Sa conférence pourrait s’intituler «Créons un complot pour mieux le déconstruire !». Matthieu Peltier, professeur de philosophie et journaliste, s’amuse du Luxembourg pour expliquer les rouages de théories, parfois farfelues, mais aux conséquences bien réelles.
En 2018, bien avant que des fans de Donald Trump, portés par les élucubrations de QAnon, n’envahissent le Capitole, et que les discussions familiales autour de la pandémie ne tournent au pugilat, Matthieu Peltier avait soumis un exercice singulier aux étudiants d’une école de commerce bruxelloise : leur faire croire, sans jamais l’affirmer, que le Luxembourg était une coquille vide, une création artificielle, une structure opaque, un paradis fiscal à la grande influence politique et médiatique.
À l’époque, la démarche avait fait sourire quelques journaux nationaux et frontaliers. Au pire, ce professeur de philosophie admet avoir reçu de rares «messages véhéments» sur Instagram, venant de personnes «blessées» qui apparemment, n’ont pas bien compris l’idée derrière la facétie, certes un brin provocatrice.
«J’ai mis sur pied une théorie qui ne me mettait pas en péril», avoue-t-il. Mardi soir, au cœur d’un pays, donc, «qui n’existe pas», le journaliste-chroniqueur de la RTBF est venu étayer son processus visant, comme il le précise, à ce que les «gens ne succombent pas à des choses fausses».
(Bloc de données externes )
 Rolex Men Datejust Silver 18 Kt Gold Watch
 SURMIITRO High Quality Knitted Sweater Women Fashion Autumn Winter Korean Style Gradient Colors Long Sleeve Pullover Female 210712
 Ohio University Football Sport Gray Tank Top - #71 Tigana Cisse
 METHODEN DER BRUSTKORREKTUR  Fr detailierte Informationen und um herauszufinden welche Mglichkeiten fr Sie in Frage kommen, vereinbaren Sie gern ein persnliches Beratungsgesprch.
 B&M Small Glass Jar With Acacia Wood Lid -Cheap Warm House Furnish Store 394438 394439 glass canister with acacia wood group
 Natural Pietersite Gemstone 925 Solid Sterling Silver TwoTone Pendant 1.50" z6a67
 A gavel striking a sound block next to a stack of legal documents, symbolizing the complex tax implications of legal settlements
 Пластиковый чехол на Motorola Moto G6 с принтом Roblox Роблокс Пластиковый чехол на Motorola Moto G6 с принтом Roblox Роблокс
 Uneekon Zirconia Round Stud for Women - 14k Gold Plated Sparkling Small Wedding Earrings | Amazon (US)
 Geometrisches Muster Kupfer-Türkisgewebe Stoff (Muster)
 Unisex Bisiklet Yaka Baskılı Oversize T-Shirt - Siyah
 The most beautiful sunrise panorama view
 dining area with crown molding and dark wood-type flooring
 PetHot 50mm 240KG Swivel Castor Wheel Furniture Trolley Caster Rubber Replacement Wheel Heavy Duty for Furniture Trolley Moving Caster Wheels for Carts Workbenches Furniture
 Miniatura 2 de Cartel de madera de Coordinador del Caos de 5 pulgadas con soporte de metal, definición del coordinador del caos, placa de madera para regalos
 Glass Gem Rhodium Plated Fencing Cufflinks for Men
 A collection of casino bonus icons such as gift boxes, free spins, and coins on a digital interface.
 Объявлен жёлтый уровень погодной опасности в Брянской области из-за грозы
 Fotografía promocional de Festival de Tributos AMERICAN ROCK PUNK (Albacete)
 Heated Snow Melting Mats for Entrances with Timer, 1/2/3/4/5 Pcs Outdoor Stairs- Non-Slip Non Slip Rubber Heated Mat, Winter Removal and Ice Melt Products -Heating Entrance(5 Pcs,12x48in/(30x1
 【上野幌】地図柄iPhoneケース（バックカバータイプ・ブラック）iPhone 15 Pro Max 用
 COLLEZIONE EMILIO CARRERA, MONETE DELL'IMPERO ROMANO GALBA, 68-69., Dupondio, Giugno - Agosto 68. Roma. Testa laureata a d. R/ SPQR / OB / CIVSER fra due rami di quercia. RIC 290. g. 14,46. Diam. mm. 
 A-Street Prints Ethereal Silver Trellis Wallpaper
Oligarchie et être irrationnel
Un sacerdoce d’autant plus compliqué à porter que «l’humain est un être irrationnel». «On croit aux choses qui nous arrangent. Pourtant, beaucoup de nos erreurs viennent de notre besoin de sens.» Il n’est heureusement pas le seul dans la bataille, épaulé ici par le Lëtzebuerg City Museum qui, depuis de longs mois, appuyé notamment par des conférences, s’intéresse au sujet à travers l’exposition «Gleef dat net…!» (qui s’achève en fin de semaine). Il y a d’ailleurs sa place sur un petit écran, où il détaille sa démonstration, faite depuis la Belgique (ce qui facilite les choses).
Dans un flot soutenu, arguments à l’appui (cartes géographiques, extraits de journaux, chiffres, déclarations diverses…), il accumule ainsi les «preuves», dresse une vaste conspiration et explique, en creux, que le Luxembourg n’est qu’un prétexte, une création qui sert à justifier un certain nombre de régimes administratifs et fiscaux. Les éléments «à charge» ne manquent pas : banques, sociétés-écrans, influence européenne, conquête spatiale, affaires financières (comme LuxLeaks)… Tout l’imaginaire lié aux puissants et à l’oligarchie est déballé.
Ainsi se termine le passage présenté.